Interlocutores do governo brasileiro avaliam que o tarifaço vai aproximar ainda mais o país da China. A expectativa é que o ataque ao país leve o setor privado para mais perto de outros parceiros internacionais, incluindo os chineses.

 

Déficit com EUA de US$ 1,7 bi

 

Maior parceiro comercial do Brasil, as exportações para a China foram quase US$ 12 bilhões maiores do que as importações de produtos chineses no primeiro semestre deste ano, garantindo uma relação superavitária ao lado brasileiro no intercâmbio bilateral de bens.

No mesmo período, houve um déficit comercial de US$ 1,7 bilhão com os EUA, o que significa um aumento de aproximadamente 500% em comparação com o mesmo período de 2024, de acordo com a mais recente edição do “Monitor do Comércio Brasil-EUA”, divulgado pela Amcham Brasil.

Entre janeiro e junho deste ano, a corrente de comércio entre Brasil e Estados Unidos cresceu 7,7% no período, somando US$ 41,7 bilhões — o segundo maior valor da série histórica. As exportações brasileiras aumentaram 4,4%, totalizando US$ 20 bilhões, com destaque para carne bovina (+142%), sucos de frutas (+74%), café não torrado (+39%) e aviões (+12,1%).

O Brasil tentará resolver sozinho o impasse com os EUA. Segundo auxiliares de Lula, não há intenção de chamar outros países para formar uma força contra o tarifaço. A ideia é agir sem ataques desnecessários.

 

Diálogo com exportador

 

Um dos focos de atuação é a articulação com o setor privado. O vice-presidente Geraldo Alckmin ficará encarregado de coordenar o diálogo com os exportadores para definir respostas do Brasil ao tarifaço.

O comitê será formalizado na próxima semana e contará com a participação dos ministérios da Fazenda, Casa Civil e Relações Exteriores, além da Secretaria de Relações Institucionais e do Ministério do Desenvolvimento.

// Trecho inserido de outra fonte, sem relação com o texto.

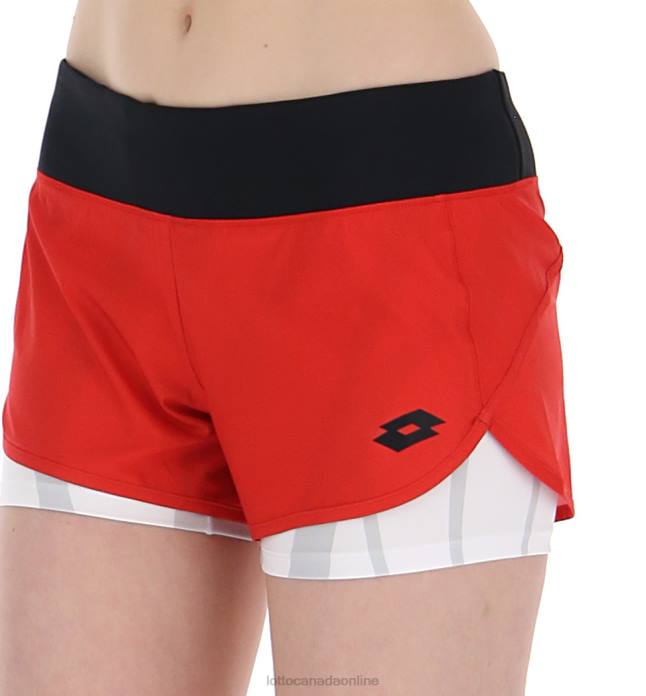 TOP TEN W III SHORT PRT2 PL FLAME RED Lotto Woman Apparel 0Z6F1027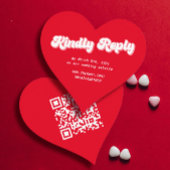 ハート赤とピンクのバレンタイン結婚式RSVP DIY エンクロージャーカード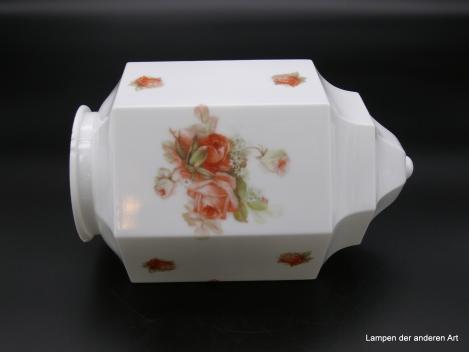Jugendstil Lampenschirm  opal weiß mit Rosendekor HEA16x32oprd liegend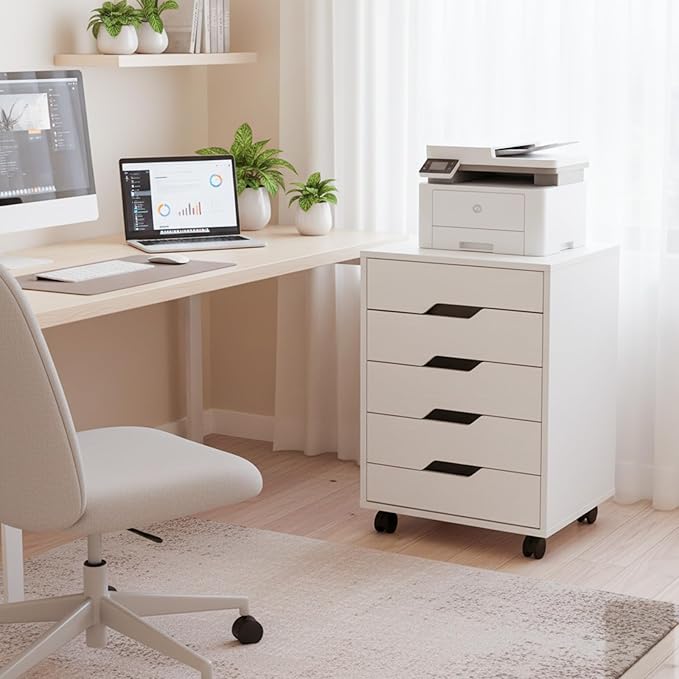 VINGLI 5 Drawers Rolling File Cabinet with Wheels, Under Desk Storage Organization, Vertical Filing Chest Mobile Wood Small Desk Printer Stand for Home Office, 19" W × 15.8" D × 25.6" H, White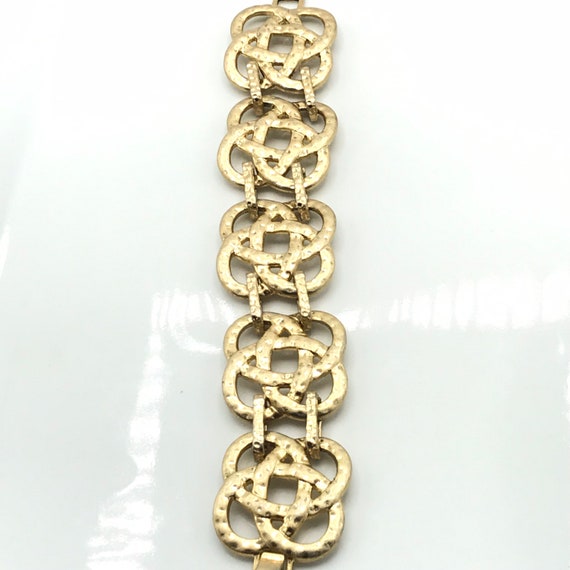 Gorgeous gold tone hammered bracelet by Lia Sophi… - image 6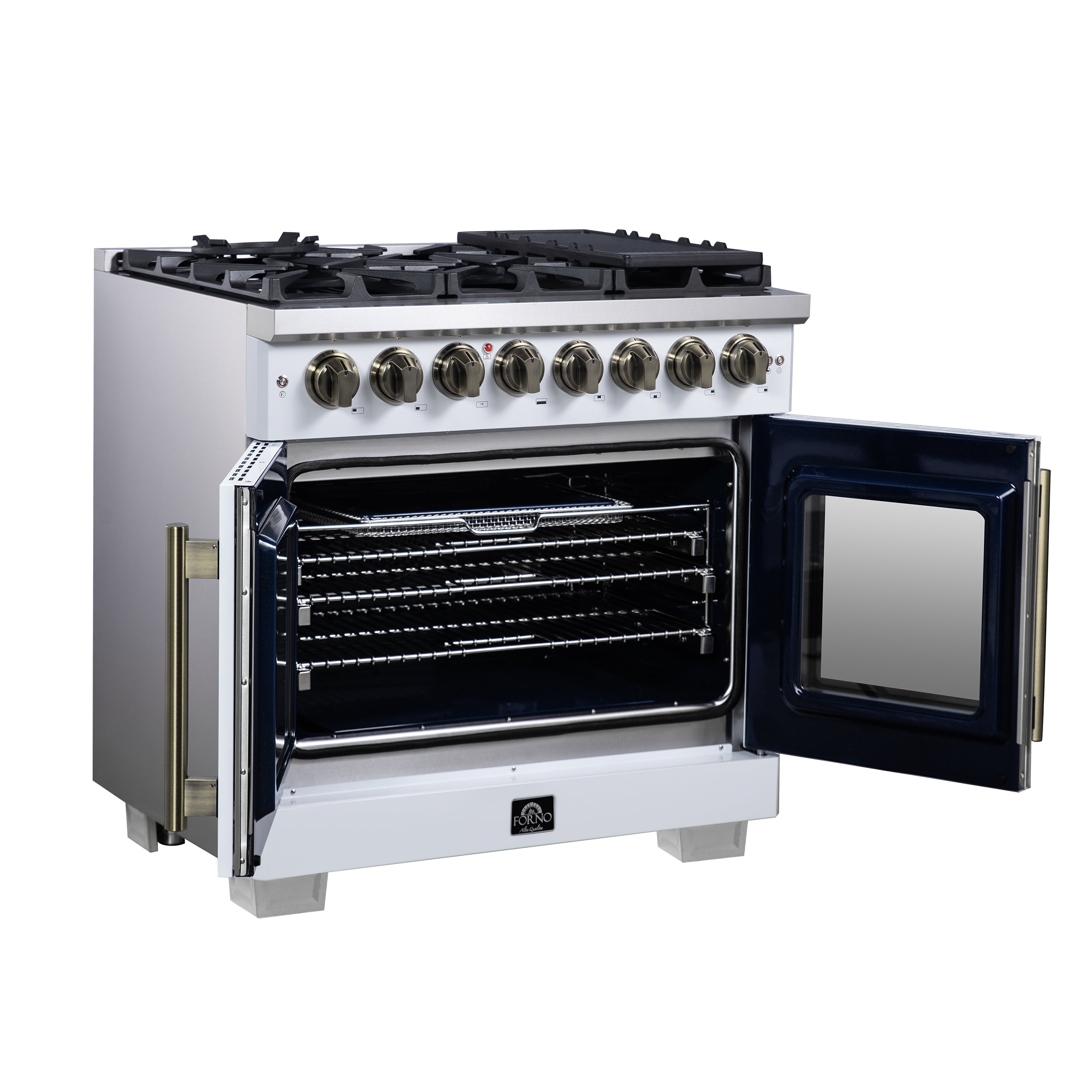 Capriasca 36 Inch Freestanding French Door Dual Fuel Range in with Antique Brass Accessories, 6 Burners, True Convection Oven FFSGS638736WHT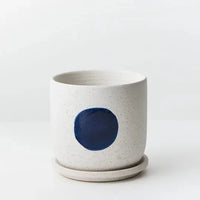 Pot Amega w/saucer - White Blue - 15cmD Folia House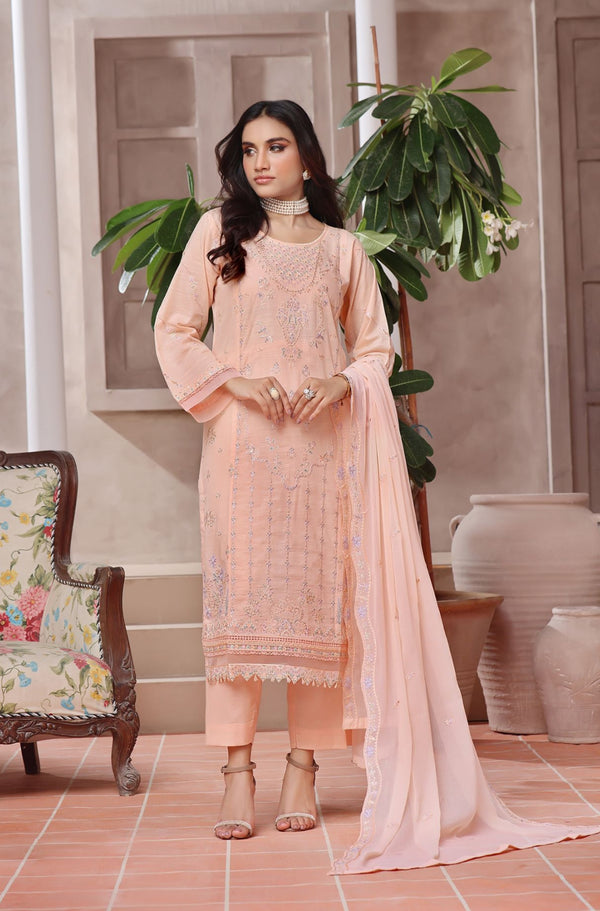 Stitched Fancy Embroidered Chikankari Lawn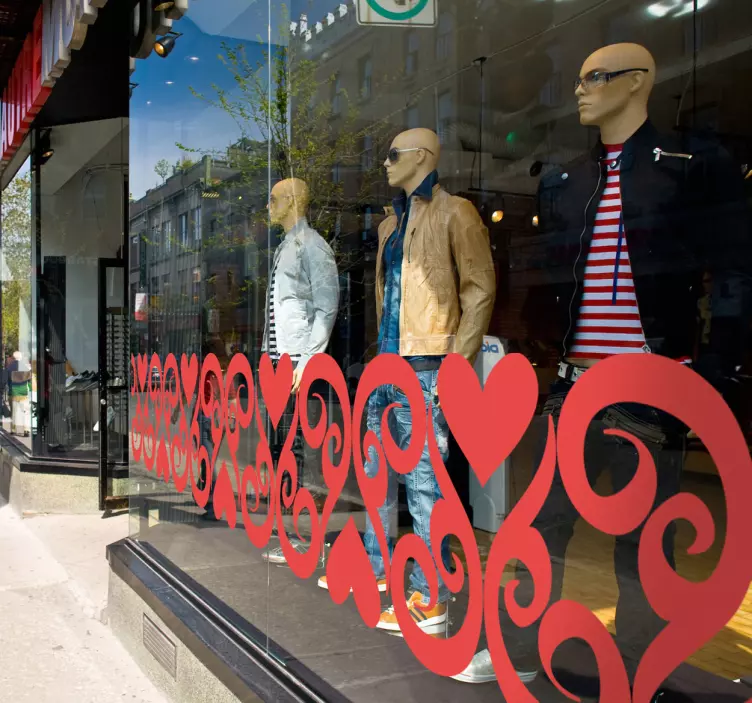 Nálepka okna vzor srdce - TenStickers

O governo ainda trabalha na lista de empresários que serão chamados para compor o grupo. A ideia, porém, é que todos os setores potencialmente afetados sejam convidados à mesa. Com isso, representantes do agronegócio, em especial produtores de carne, suco de laranja e café, e lideranças da indústria, com destaque para o segmento de tecnologia, devem ser chamados.

A fabricante de aviões Embraer também deve compor o comitê. O mercado americano é o principal destino de produtos manufaturados produzidos pelo Brasil, mas também tem peso importante para alguns segmentos do agronegócio.

Ontem, o presidente da Câmara, Hugo Motta (Republicanos-PB), disse que conversou com Alckmin sobre as consequências e os impactos negativos das tarifas de Trump e disse que a Casa está à disposição para responder “com firmeza”.